• EXERCISE
For this exercise, restate word for word only the lines from the first line of the data to the line containing "Used 2016 Chevrolet".

• DATA SECTION
--------------------------------------------------
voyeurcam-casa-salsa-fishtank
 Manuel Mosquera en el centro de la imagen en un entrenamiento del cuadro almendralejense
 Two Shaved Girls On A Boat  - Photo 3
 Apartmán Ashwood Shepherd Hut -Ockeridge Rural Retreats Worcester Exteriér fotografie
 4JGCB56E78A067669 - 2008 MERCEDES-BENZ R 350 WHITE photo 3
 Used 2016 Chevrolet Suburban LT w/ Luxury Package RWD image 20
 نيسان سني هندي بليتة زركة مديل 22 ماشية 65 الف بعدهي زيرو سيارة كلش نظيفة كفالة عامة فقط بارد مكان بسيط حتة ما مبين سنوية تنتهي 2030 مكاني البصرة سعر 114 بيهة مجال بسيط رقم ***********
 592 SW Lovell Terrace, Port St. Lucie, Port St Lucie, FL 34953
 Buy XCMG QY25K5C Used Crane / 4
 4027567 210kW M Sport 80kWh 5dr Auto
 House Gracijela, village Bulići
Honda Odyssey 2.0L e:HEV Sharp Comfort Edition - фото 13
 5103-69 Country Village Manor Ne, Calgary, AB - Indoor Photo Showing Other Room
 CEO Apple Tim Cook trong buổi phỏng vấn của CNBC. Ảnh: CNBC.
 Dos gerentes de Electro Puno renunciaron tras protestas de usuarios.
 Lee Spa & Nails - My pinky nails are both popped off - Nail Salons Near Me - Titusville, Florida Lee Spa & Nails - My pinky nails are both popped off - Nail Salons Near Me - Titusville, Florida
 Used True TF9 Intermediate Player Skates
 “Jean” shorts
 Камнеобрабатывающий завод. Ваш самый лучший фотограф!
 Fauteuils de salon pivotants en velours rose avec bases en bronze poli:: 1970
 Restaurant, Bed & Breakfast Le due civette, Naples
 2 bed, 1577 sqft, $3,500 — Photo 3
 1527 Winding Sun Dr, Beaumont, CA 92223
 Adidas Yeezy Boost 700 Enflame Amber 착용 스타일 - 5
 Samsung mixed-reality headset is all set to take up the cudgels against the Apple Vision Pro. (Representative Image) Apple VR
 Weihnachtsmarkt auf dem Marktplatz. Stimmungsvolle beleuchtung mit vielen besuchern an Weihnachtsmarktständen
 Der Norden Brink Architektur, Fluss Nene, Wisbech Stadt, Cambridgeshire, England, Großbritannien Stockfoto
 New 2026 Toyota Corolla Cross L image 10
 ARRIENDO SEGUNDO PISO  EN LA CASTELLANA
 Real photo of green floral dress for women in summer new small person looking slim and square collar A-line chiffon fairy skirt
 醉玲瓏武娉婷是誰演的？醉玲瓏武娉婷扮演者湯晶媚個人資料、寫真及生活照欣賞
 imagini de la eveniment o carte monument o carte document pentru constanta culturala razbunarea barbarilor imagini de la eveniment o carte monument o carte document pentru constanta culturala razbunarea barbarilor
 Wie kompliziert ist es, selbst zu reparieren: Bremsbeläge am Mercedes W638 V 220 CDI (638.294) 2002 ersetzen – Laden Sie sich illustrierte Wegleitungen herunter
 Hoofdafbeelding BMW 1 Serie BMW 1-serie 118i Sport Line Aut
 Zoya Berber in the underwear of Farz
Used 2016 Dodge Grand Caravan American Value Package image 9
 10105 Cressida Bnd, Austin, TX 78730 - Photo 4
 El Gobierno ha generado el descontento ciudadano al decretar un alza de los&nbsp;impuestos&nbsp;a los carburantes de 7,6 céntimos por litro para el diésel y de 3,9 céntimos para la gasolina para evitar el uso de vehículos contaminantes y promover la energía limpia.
--------------------------------------------------
• SOLUTION TO THIS EXERCISE
voyeurcam-casa-salsa-fishtank
 Manuel Mosquera en el centro de la imagen en un entrenamiento del cuadro almendralejense
 Two Shaved Girls On A Boat  - Photo 3
 Apartmán Ashwood Shepherd Hut -Ockeridge Rural Retreats Worcester Exteriér fotografie
 4JGCB56E78A067669 - 2008 MERCEDES-BENZ R 350 WHITE photo 3
 Used 2016 Chevrolet Suburban LT w/ Luxury Package RWD image 20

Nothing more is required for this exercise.